*** Opening of Extracted records ***

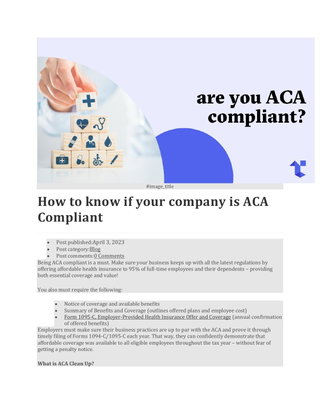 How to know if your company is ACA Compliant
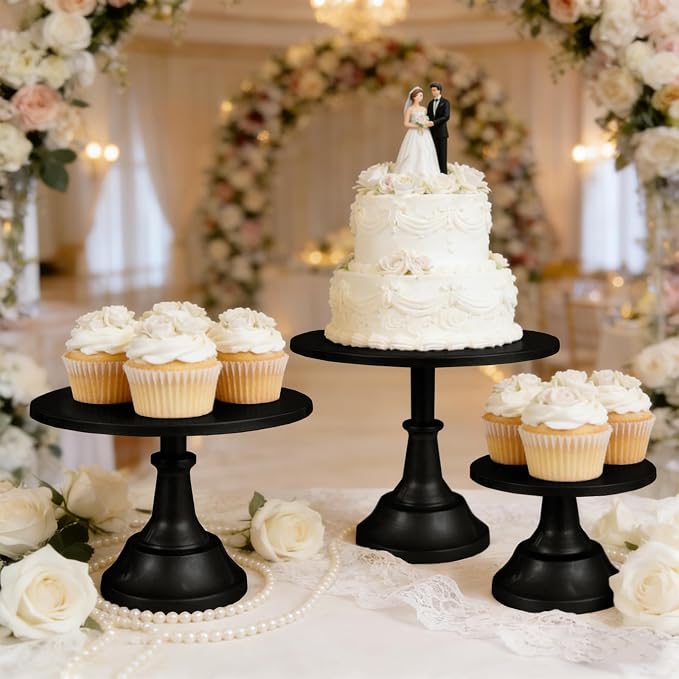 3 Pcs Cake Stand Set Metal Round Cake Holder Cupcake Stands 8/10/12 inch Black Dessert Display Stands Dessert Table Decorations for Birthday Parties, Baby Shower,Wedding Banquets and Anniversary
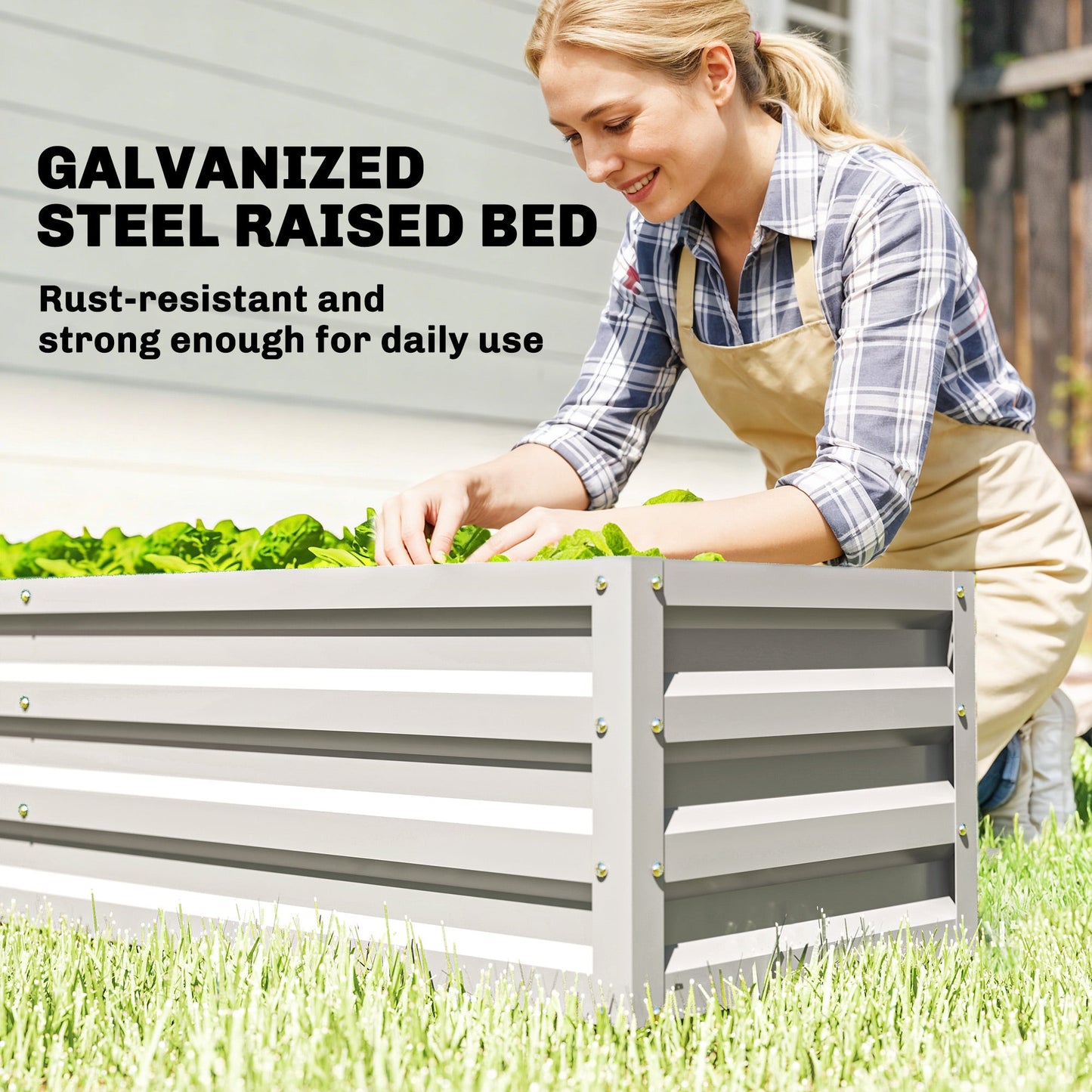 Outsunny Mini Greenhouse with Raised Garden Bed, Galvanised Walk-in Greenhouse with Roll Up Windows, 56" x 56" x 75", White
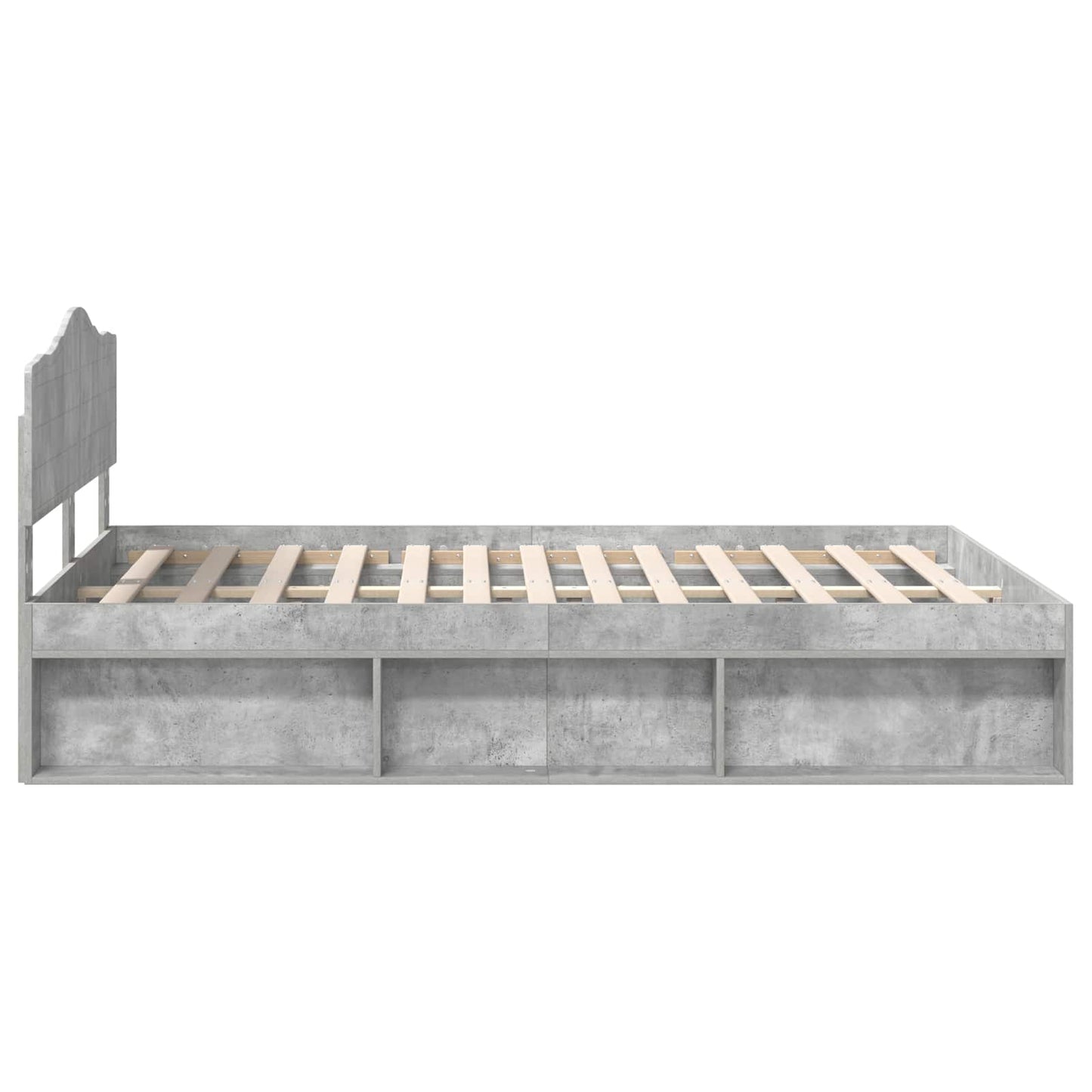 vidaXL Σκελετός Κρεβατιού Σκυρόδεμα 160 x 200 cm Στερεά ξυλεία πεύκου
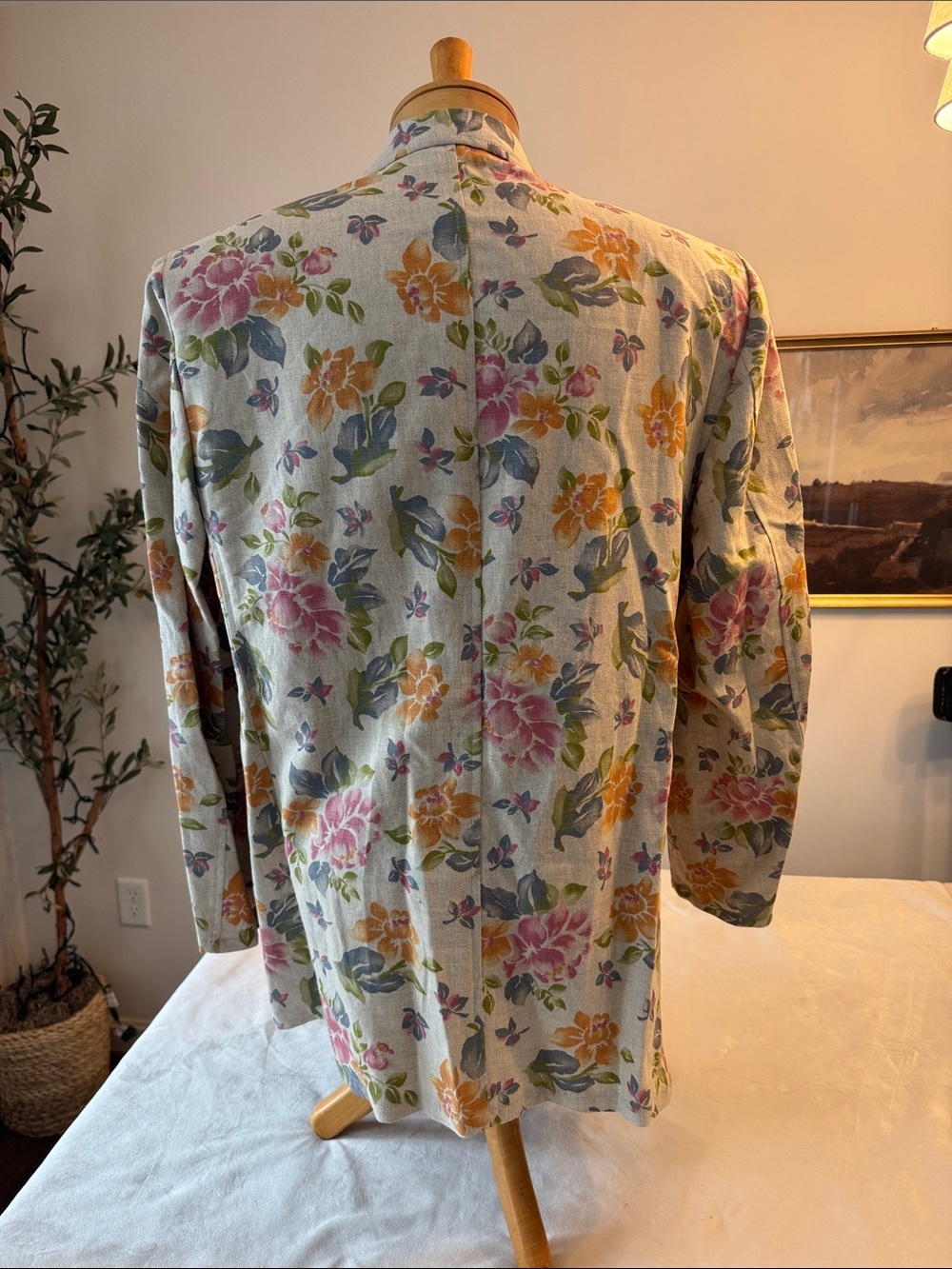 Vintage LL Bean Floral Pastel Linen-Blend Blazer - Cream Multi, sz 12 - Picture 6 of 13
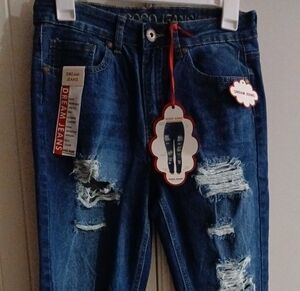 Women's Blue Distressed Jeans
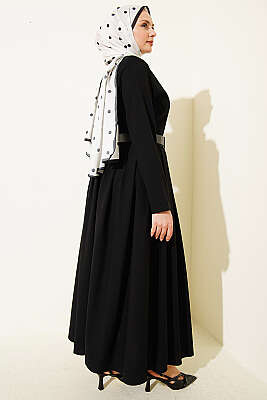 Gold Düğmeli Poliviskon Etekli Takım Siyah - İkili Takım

*** Close of Extracted records ***

Reproduce the lines above letter for letter. The pictures stay behind.

▶ **Result for this task**
 How to know if your company is ACA Compliant
 3 Pcs Cake Stand Set Metal Round Cake Holder Cupcake Stands 8/10/12 inch Black Dessert Display Stands Dessert Table Decorations for Birthday Parties, Baby Shower,Wedding Banquets and Anniversary
 Outsunny Mini Greenhouse with Raised Garden Bed, Galvanised Walk-in Greenhouse with Roll Up Windows, 56" x 56" x 75", White
 vidaXL Σκελετός Κρεβατιού Σκυρόδεμα 160 x 200 cm Στερεά ξυλεία πεύκου
 Vintage LL Bean Floral Pastel Linen-Blend Blazer - Cream Multi, sz 12 - Picture 6 of 13
 Women's Blue Distressed Jeans
 Gold Düğmeli Poliviskon Etekli Takım Siyah - İkili Takım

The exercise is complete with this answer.